*What is needed*. The lines in the listing below are to be given again exactly, starting at the line holding "Mosfunksionimi i Kuvendit" and ending at the line holding "Wohlfuehlpension Tirolerhof Couette-café". Do not include pictures.

*Exercise input*.
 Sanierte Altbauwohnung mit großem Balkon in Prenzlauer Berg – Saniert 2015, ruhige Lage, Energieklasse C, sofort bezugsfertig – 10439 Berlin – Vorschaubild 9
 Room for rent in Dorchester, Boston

==

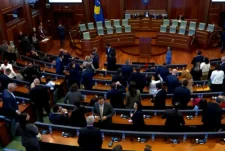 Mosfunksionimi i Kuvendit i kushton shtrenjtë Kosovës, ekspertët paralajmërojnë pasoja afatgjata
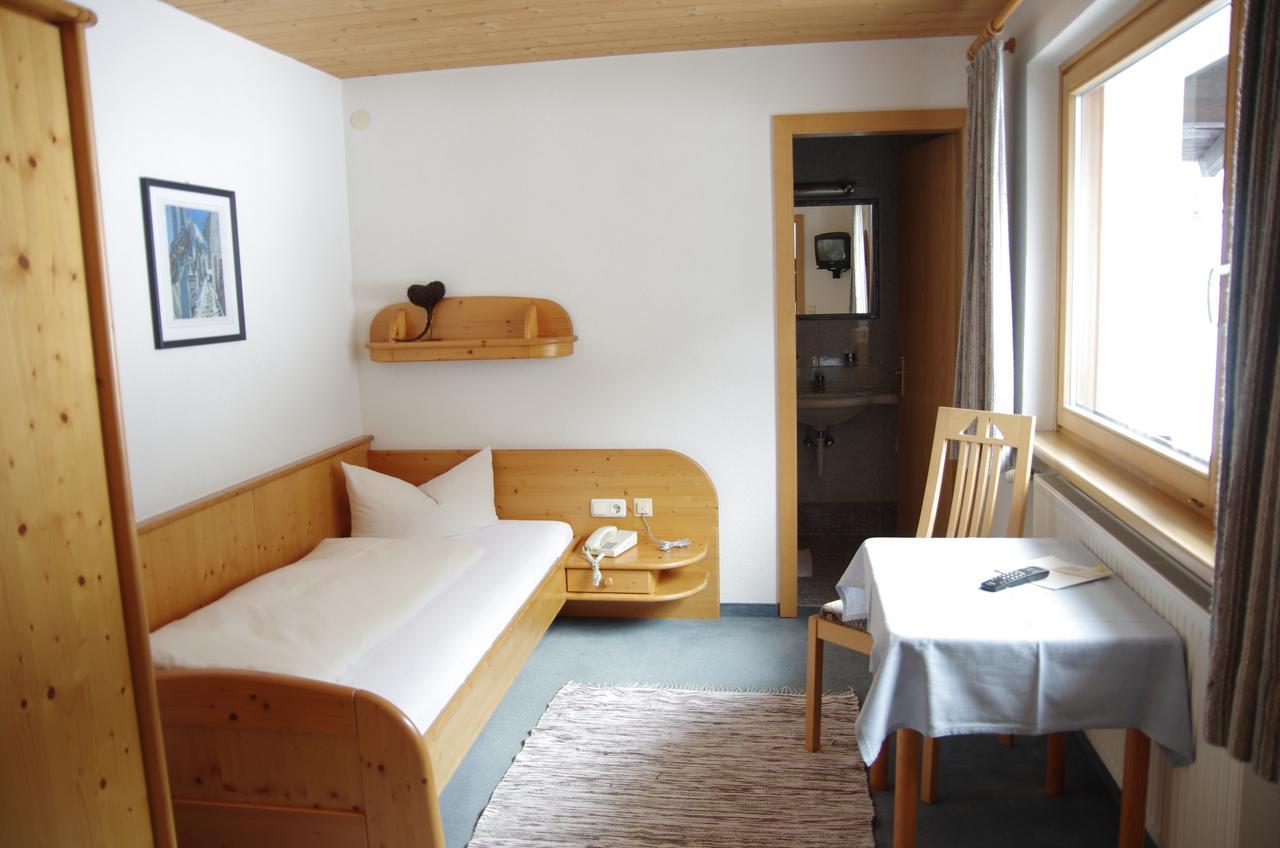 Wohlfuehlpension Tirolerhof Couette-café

--

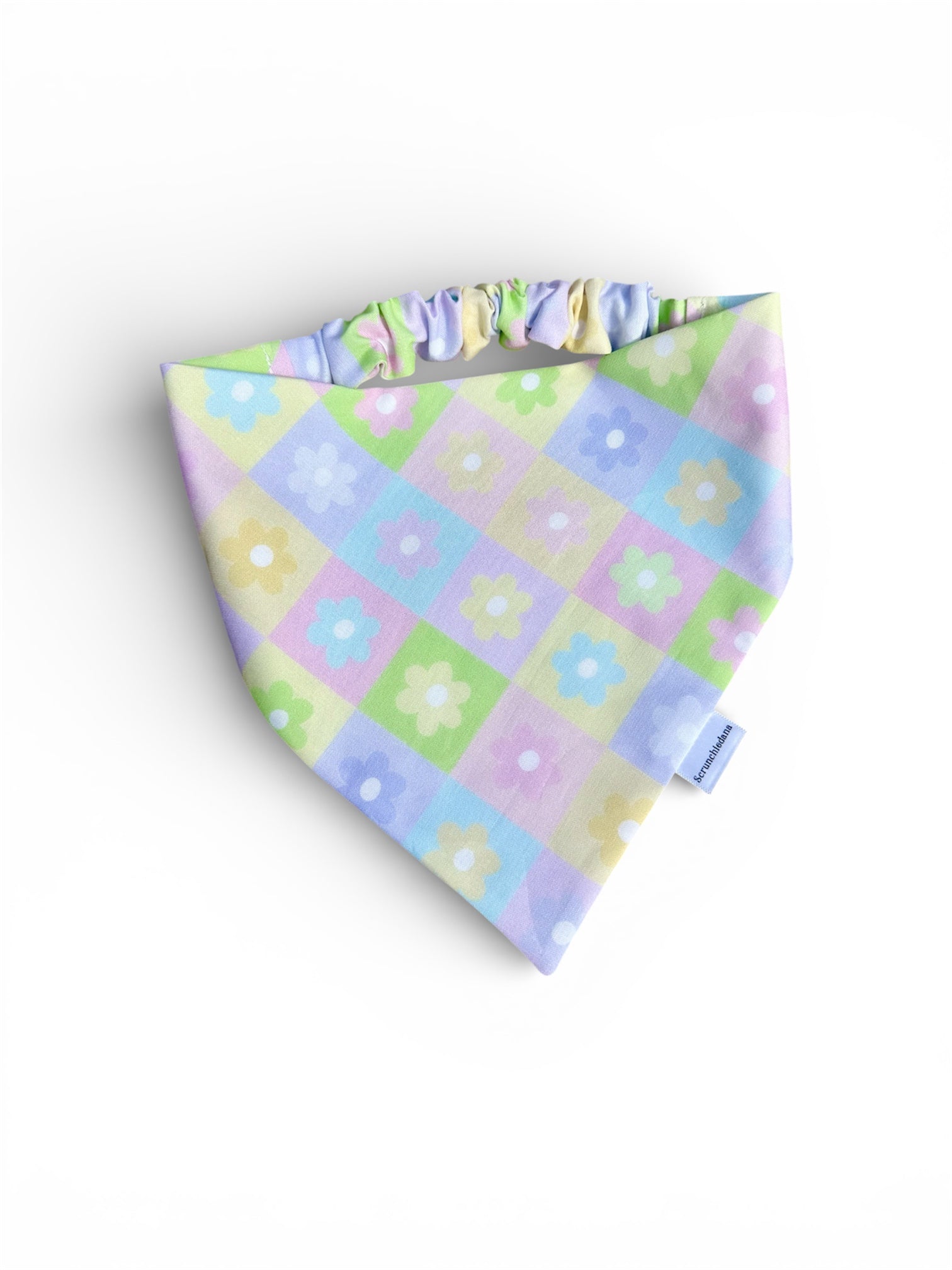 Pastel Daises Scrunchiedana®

*Solved exercise*.
 Mosfunksionimi i Kuvendit i kushton shtrenjtë Kosovës, ekspertët paralajmërojnë pasoja afatgjata
 Wohlfuehlpension Tirolerhof Couette-café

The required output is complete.